# Auto to Manual Transmission swap problems



## xPotenze (Jul 6, 2009)

Sorry, I posted this in the auto to manual swap that's stickied but i need a response soon.

I'm finishing up this swap, and right now Ive ran into a snag. I have a good starter with a good solenoid with a good ignition switch. I can get the starter to turn over by shorting the two terminals on the back of the solenoid but it cant be stopped by the ignition key, only by removing the ground from the battery.

The starter will do nothing when turning the key, so the only thing i can think of is a Park/neutral switch or a clutch switch.

When i put the clutch pedal in i could only find one plug wrapped in the harness behind the fuse panel, its the right plug for the pedal but there are two plugs on the pedal. is there another plug for it back there? and can this cause nothing to happen when trying to start it?

Also on the far driver side of the manual transmisson there is a two prong plug what is this for? reverse light? should i get the wiring harness for it?


----------



## 19sentra88 (Oct 24, 2009)

just ground it out and bypass the pedal entirely. =).


----------



## xPotenze (Jul 6, 2009)

19sentra88 said:


> just ground it out and bypass the pedal entirely. =).

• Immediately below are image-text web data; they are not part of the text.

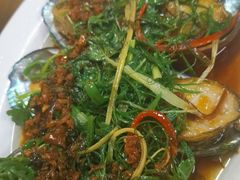 -揭阳钟记小食(福田新村店)
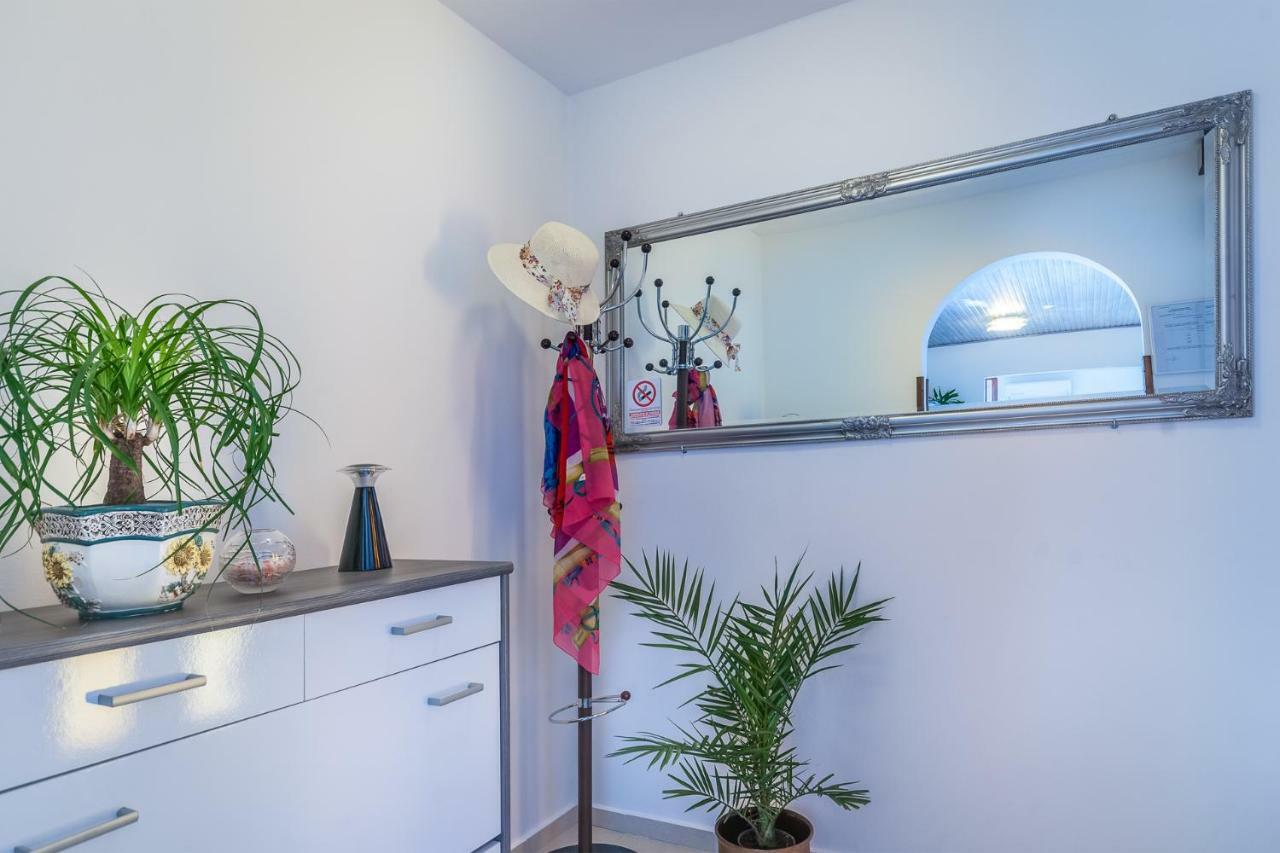 Apartman Gloria Οπατία Εξωτερικό φωτογραφία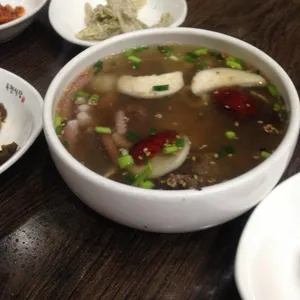 독천식당 사진
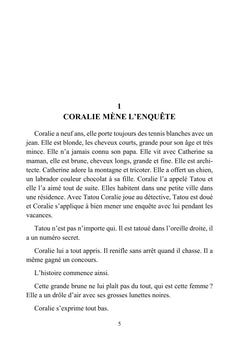 Les Inséparables
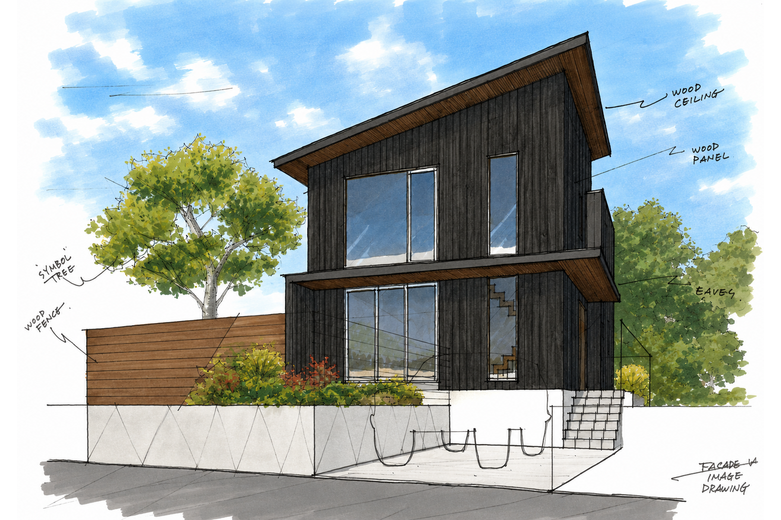 ＜序章＞想い出のタネ集め【新築戸建て】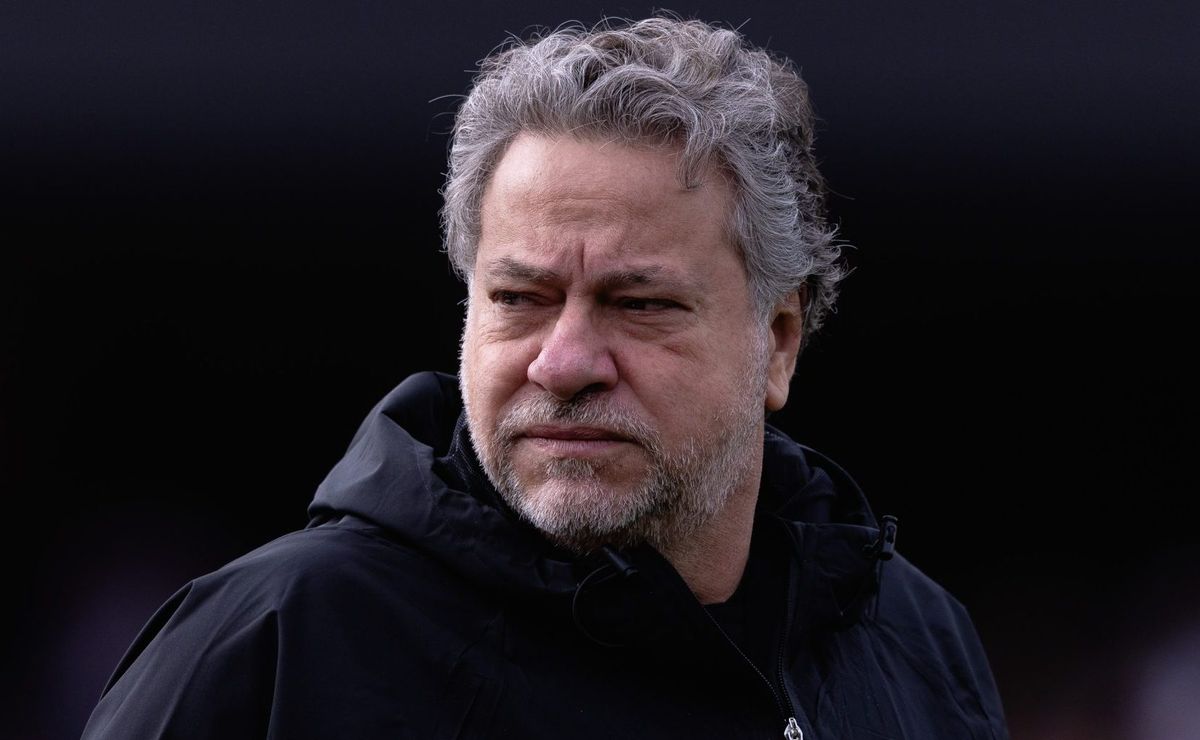 casares enaltece o palmeiras na cpi ao provocar john textor: “tomou uma virada histórica”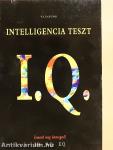 Intelligencia teszt I. Q.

Ive tried it and it seems that its not a clutch pedal even though i cant find the other switch. So it seems there's a neutral/park switch. i have looked in my Haynes manual and i am unable to figure out where it is by there diagram.


----------



## 19sentra88 (Oct 24, 2009)

sounds like you need a fuse-block diagram


----------



## xPotenze (Jul 6, 2009)

Fixed it! it was nothing that i thought it might be. I neglected to plug in the Black/pink - Black/yellow wire that plugs into the spade on the solenoid (thought it was a ground)


----------